# Emulateur Mac OS Power PC



## drake94 (28 Juin 2021)

Bonjour ! J'ai deux jeux de mon enfance auxquels j'aimerais rejouer : Tristan et le Mystère du dragon et Carmen Sandiego les trésors du Monde. Manifestement, ces deux jeux sont compatibles sur mac OS 9 et 10.1 à 10.4 (Power PC ?)

Soucis, je suis sur un Mac Pro 5.1 avec un SSD High Sierra et un SSD Catalina..Impossible de les lancer..! :/

Comment faire ?

PS : Je n'ai plus le disque de Carmen Sandiego, savez vous si je peux le trouver gratuitement quelque part ? Merci !!!


----------



## maxou56 (28 Juin 2021)

drake94 a dit:


> Manifestement, ces deux jeux sont compatibles sur mac OS 9 et 10.1 à 10.4 (Power PC ?)


Bonjour,
Si c’est des jeux, apps power pc, avec les versions Intel de Mac OS (de 10.4 à 10.6) il y avait un émulateur « rosetta » pour faire fonctionner les apps power pc.
Ton Mac est compatible avec snow léopard (10.6.4 minimum) donc tu peux installer par exemple sur autre une partition, ou autre disque, 10.6.8, mais ça peut poser des soucis avec la carte graphique ou le ssd si il n’est pas sata.
Ou en virtualisation, mais normalement 10.6 ou 10.5 ne sont virtualisables qu’en versions serveur.

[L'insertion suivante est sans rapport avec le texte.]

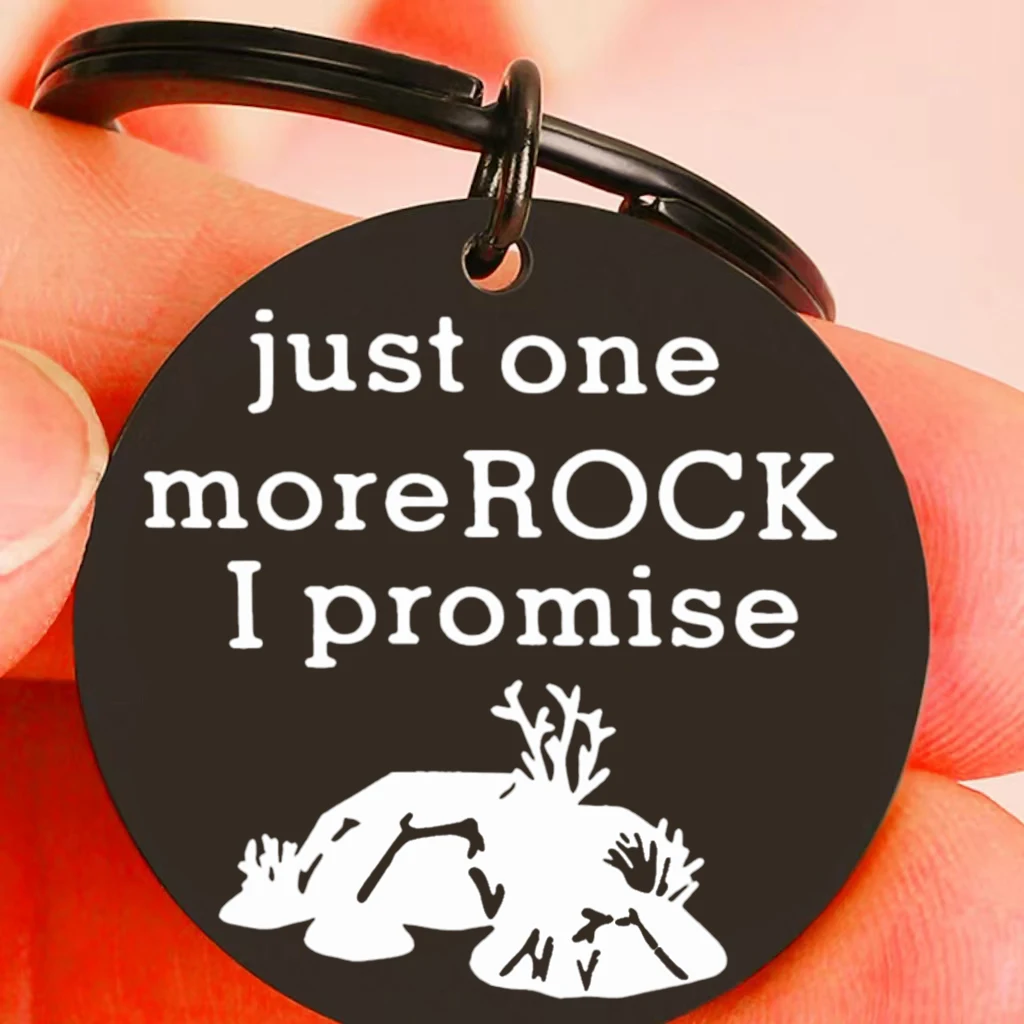 Llavero de acero inoxidable - Diseño minimalista con grabado personalizado Just One More Rock I Promise - Accesorio para amantes de la roca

On peut contourner cette limitation.


----------



## Pascal 77 (28 Juin 2021)

Le plus simple est d'installer SheepShaver pour émuler un Mac PPC, il y en a un autre, Basilisk II, du même auteur, qui émule un Mac 68K. Quant à Carmen Sandiego, elle est sur le Grenier du Mac !


----------



## drake94 (5 Juillet 2021)

Oh chouette ! Il y a des tutos (j'y connais rien..!)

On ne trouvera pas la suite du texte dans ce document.